Les jeux sont faits pour nous divertir. Mais est-il possible d’améliorer notre aptitude à apprendre, à prendre des décisions et à coopérer pour faire avancer la transition énergétique tout en s’amusant ? Il semblerait que ce soit le cas avec les « serious games » sur l’énergie et le climat, des jeux dont l’ objectif est de sensibiliser les citoyens à l’urgence des enjeux et à aider les responsables à agir au niveau local
Les « serious games », qu’ils s’agissent de jeux de société ou de jeux vidéo, existent depuis des décennies. Ils sont utilisés dans les écoles pour enseigner les mathématiques ou les langues d’une manière ludique et accessible. Ils constituent également une part essentielle de la formation de nombreuses professions, comme les médecins, les pilotes ou encore les pompiers, qui peuvent ainsi s’exercer à pratiquer des opérations, faire des simulations de vol ou se préparer pour des missions de sauvetage.

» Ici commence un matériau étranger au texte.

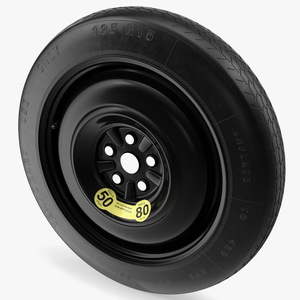 Temporary Spare Wheel with Tyre 125 R15 3D model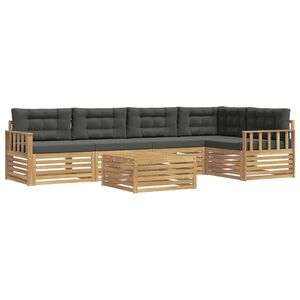 vidaXL K&uuml;lt&eacute;ri kanap&eacute; szett 6 pcs Feh&eacute;r &eacute;s Antracitsz&uuml;rke Poli&eacute;szter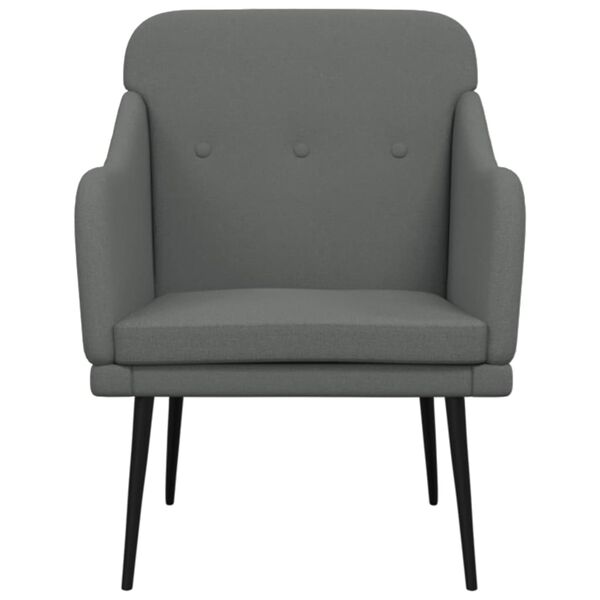 vidaXL Fauteuil Gris fonc&eacute; 63x76x80 cm Tissu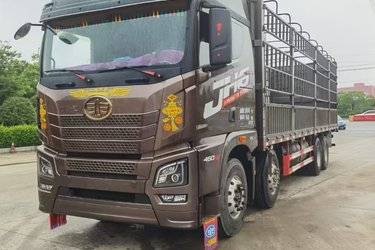 二手青岛解放 JH6重卡 领航版2.0 460马力 8X4 9.4米仓栅式载货车(国五) 前四后八 潍柴二手载货车 黄牌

Appliqués au changement climatique et à la transition énergétique au niveau local, les « serious games » contribuent à sensibiliser les participants, à développer leurs connaissances et à les encourager à trouver des idées et solutions afin de relever les défis et surmonter les obstacles. Par ailleurs, grâce à l’utilisation de jeux de rôle, ils permettent de développer la capacité des participants à évaluer les risques, prendre des décisions et travailler de manière collaborative. Les thèmes abordés par les « serious games » consacrés à l’énergie et au climat sont multiples : comment gérer les compromis entre durabilité à long terme et croissance économique à court terme, comment atténuer le changement climatique en optant pour les énergies renouvelables et l’efficacité énergétique, ou encore, comment trouver des moyens innovants de s’adapter aux impacts que l’on ne peut éviter, comme l’aggravation des inondations, sécheresses ou feux de forêt.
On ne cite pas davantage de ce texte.